Uwe Böhm, Judith Budwig et al.: Interreligiöses Lernen und Multireligiöse Feier
Rezensiert von Prof. Dr. Wilhelm Schwendemann, 21.12.2022

Uwe Böhm, Judith Budwig, Zehra Isikhan-Vieriu, Isabelle Kraft, Dieter Kümmel: Interreligiöses Lernen und Multireligiöse Feier. Ermutigung aus der Praxis für die Praxis. wbv (Bielefeld) 2022. 116 Seiten. ISBN 978-3-8340-2207-3. 15,00 EUR.
Thema
Das Buch will Mut machen, sich auf interreligiöses Lernen und multireligiöse Feiern in der Schule einzulassen und bietet in den Kapiteln 3–5 in der Tat ermutigende Beispiele aus der Schulpraxis. Die Beispiele sind verbunden mit didaktisch-methodischen Überlegungen.

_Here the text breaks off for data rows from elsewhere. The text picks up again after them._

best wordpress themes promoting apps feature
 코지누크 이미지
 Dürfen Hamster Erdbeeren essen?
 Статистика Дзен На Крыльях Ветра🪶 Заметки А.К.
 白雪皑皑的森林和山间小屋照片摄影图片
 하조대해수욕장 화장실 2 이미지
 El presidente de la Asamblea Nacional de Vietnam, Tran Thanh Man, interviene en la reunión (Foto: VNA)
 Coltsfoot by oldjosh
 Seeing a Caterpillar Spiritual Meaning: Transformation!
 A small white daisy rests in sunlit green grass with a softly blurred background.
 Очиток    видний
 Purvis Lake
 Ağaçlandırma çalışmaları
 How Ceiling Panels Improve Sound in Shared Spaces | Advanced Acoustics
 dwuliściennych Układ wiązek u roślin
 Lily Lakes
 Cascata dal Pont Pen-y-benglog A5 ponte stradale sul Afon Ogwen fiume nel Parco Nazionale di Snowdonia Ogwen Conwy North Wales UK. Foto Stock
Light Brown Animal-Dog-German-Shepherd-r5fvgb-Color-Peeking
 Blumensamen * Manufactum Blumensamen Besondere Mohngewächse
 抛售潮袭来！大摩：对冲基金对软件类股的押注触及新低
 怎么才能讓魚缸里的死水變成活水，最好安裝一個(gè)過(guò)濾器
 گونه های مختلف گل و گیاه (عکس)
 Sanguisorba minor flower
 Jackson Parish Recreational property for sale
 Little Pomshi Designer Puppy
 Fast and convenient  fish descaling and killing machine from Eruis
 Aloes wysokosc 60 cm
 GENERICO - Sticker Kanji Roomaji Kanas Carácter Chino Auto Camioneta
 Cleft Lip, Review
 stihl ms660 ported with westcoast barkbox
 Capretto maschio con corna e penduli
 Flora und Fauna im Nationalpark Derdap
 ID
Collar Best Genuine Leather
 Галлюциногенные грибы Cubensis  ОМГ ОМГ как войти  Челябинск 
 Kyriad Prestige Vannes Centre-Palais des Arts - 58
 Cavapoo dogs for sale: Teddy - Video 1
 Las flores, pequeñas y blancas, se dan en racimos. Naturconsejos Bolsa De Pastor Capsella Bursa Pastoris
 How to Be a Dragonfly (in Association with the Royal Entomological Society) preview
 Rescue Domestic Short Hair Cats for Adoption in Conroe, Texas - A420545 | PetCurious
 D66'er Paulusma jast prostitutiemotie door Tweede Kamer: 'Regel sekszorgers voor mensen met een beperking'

Weiterführend wäre noch gewesen, die didaktisch-methodischen Strategien mit theologischen Kompetenzen und den sieben theologischen Erschließungsdimensionen und den entsprechenden Graduierungsstufen in den baden-württembergischen Bildungsplänen zu verbinden. Auch eine empirische Untersuchung über das, was die Lernenden tatsächlich in interreligiösen Feiern und entsprechendem Unterricht gelernt haben, wäre aufschlussreich gewesen.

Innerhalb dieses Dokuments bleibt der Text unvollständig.